I entered a jar of this lemon curd in the local show a couple of years ago, and came away with first place, much to my astonishment! If anyone has participated in local shows, you will know that they can be a tight group of competitors with years of experience under their belts when it comes to entering garden produce and preserves. Although from memory, I added quite a bit more sugar, to avoid a tartness hitting the tongues of the judges! I happen to like a tart curd, but I didn't think they would, for some reason..And well, it paid off!
2 large lemons, zested and juiced
100g unsalted butter
175-200g sugar, depending on how sour your lemons are
3 free-range eggs, lightly whisked and strained.

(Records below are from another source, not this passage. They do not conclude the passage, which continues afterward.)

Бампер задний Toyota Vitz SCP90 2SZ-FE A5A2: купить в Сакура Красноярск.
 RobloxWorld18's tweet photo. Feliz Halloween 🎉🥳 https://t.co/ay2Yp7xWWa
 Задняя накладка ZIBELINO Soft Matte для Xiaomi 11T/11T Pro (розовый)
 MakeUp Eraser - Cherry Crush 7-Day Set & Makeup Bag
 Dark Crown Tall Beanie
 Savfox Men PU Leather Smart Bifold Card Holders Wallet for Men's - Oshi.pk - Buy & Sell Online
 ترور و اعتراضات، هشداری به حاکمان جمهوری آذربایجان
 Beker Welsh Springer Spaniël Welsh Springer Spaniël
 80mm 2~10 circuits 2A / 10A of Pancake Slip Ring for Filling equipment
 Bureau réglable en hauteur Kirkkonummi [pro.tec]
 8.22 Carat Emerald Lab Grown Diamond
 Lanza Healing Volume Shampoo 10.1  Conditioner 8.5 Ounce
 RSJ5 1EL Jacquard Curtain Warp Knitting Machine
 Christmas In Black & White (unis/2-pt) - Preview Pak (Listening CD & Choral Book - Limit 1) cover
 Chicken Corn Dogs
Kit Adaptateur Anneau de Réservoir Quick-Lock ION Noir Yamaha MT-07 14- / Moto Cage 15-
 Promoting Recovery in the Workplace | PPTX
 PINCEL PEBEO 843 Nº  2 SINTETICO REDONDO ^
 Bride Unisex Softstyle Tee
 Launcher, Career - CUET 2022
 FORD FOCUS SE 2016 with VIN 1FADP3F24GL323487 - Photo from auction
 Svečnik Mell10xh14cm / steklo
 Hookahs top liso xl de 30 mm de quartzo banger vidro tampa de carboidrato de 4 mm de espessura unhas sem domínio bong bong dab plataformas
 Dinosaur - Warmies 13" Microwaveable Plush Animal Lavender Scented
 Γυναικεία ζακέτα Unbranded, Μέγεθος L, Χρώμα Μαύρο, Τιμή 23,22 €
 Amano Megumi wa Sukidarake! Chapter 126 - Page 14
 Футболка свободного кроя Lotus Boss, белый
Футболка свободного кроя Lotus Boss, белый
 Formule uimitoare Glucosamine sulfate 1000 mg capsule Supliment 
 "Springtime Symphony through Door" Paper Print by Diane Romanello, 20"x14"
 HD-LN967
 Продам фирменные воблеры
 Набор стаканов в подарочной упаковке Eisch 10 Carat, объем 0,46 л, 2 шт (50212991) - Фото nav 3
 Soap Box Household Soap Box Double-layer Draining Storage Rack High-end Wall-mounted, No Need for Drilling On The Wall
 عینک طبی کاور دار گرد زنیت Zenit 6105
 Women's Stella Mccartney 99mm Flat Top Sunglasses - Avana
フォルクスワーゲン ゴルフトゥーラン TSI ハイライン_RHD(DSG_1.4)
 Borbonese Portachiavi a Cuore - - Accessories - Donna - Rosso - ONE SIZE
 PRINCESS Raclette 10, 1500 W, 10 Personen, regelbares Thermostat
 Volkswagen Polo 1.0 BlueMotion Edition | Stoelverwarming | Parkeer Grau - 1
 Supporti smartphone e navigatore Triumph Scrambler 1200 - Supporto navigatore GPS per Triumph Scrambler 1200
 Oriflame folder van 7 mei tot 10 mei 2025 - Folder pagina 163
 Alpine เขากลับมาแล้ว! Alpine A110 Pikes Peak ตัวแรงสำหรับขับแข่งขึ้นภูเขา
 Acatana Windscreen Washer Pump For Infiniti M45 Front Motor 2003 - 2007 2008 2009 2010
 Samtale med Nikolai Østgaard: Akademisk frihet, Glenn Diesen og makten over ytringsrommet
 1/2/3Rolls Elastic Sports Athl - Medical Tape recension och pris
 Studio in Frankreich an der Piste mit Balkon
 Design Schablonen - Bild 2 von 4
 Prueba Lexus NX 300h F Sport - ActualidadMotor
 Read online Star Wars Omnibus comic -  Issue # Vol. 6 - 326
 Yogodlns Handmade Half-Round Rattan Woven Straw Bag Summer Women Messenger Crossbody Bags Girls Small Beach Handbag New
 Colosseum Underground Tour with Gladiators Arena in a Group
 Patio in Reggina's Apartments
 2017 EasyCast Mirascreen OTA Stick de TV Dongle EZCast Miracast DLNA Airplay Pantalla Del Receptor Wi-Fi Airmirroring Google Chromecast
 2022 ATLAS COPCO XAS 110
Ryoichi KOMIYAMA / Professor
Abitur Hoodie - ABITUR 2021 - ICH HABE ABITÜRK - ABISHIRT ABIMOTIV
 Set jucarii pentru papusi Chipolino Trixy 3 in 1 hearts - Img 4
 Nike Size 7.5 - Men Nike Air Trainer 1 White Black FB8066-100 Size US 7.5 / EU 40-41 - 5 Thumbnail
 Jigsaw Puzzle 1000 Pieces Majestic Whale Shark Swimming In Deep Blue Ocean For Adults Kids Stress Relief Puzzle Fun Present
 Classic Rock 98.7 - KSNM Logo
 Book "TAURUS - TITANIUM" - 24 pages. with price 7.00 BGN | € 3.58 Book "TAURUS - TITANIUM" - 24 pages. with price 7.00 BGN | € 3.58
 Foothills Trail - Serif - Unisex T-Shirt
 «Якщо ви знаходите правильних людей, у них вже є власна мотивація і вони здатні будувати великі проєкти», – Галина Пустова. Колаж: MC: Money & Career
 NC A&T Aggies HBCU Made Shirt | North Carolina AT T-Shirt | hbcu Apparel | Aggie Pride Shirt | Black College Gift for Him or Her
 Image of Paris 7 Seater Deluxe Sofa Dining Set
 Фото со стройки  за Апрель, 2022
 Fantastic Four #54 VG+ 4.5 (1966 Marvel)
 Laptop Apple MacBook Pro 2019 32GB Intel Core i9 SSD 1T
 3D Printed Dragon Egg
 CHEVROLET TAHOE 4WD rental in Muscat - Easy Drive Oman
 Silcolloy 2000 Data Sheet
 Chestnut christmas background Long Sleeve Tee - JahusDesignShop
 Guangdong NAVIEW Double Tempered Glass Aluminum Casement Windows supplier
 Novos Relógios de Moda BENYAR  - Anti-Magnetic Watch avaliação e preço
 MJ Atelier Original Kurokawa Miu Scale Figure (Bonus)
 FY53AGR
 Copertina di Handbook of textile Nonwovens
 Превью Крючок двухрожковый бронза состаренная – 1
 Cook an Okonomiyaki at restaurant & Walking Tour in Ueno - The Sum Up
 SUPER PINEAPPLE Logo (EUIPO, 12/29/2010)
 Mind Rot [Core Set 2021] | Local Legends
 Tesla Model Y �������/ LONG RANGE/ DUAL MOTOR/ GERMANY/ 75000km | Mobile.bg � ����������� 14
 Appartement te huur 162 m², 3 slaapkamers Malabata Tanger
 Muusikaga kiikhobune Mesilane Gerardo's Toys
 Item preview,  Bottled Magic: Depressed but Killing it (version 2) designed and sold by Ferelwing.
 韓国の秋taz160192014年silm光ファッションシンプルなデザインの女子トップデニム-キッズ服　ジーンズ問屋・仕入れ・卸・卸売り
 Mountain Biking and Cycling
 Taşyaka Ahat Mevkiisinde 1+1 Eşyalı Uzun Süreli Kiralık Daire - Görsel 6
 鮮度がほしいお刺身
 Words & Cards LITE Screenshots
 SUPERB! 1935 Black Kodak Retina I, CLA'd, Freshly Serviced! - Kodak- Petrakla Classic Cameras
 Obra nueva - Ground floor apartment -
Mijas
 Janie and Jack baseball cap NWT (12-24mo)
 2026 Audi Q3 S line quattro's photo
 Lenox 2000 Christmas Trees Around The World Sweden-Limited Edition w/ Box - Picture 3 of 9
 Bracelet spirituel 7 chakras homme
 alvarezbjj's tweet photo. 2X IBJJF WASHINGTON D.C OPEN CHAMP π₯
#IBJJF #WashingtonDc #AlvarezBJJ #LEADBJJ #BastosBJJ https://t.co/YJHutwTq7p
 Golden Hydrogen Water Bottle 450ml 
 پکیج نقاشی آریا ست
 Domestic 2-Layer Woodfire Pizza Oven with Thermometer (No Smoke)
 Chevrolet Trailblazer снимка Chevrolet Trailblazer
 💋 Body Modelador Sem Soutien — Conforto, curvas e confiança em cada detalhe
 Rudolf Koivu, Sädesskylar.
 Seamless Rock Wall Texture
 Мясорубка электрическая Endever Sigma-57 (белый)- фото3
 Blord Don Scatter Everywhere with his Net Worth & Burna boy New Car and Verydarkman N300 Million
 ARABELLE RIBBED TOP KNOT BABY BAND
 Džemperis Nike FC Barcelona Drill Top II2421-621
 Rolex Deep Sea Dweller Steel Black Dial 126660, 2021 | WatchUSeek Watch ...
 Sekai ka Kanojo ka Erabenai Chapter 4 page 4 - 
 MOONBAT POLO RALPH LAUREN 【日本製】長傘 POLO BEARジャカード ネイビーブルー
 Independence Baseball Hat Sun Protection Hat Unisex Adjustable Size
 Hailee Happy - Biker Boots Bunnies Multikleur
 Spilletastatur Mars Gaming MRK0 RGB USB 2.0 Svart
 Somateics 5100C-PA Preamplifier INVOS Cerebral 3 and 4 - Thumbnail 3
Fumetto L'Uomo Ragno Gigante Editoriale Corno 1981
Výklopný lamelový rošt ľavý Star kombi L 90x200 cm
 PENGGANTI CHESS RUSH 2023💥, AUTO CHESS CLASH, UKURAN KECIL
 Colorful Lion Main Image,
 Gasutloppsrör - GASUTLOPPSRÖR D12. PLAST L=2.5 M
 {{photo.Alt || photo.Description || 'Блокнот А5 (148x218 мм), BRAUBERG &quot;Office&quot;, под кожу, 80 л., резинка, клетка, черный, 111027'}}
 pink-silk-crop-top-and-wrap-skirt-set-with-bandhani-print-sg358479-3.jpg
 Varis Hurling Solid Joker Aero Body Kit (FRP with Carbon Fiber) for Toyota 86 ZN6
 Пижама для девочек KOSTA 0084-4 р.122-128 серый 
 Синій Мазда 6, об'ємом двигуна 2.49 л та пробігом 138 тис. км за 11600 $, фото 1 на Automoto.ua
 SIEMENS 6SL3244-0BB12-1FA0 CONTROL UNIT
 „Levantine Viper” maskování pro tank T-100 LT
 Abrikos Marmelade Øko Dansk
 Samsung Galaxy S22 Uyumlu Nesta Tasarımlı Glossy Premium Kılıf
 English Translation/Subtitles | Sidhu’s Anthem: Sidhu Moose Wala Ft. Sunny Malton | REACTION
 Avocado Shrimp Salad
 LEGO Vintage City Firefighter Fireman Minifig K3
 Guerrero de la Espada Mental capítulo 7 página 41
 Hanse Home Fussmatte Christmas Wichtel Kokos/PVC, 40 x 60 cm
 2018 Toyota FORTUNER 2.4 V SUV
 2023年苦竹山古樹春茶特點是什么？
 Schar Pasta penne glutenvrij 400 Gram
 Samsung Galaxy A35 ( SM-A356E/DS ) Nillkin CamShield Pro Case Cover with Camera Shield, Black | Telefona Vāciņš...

Place the lemon juice, zest, butter and sugar into a medium saucepan and heat over low heat until the sugar has dissolved, stirring now and then. Remove the pan from the heat and add the eggs, stirring to mix well. Place the pan back over a low heat and stir constantly until mixture thickens, coats the back of a spoon and leaves a line on the spoon when a finger is ran through it. Don't overheat, or the mixture will curdle. Watch for steam starting to rise off the mix.. a sign that the thickening is imminent.
Spoon into warm, sterilized jars and seal. Keeps in the fridge for up to 8 weeks. Makes approx 500ml.
Delicious on fresh bread, toast, pancakes and as a filling for tarts and cakes.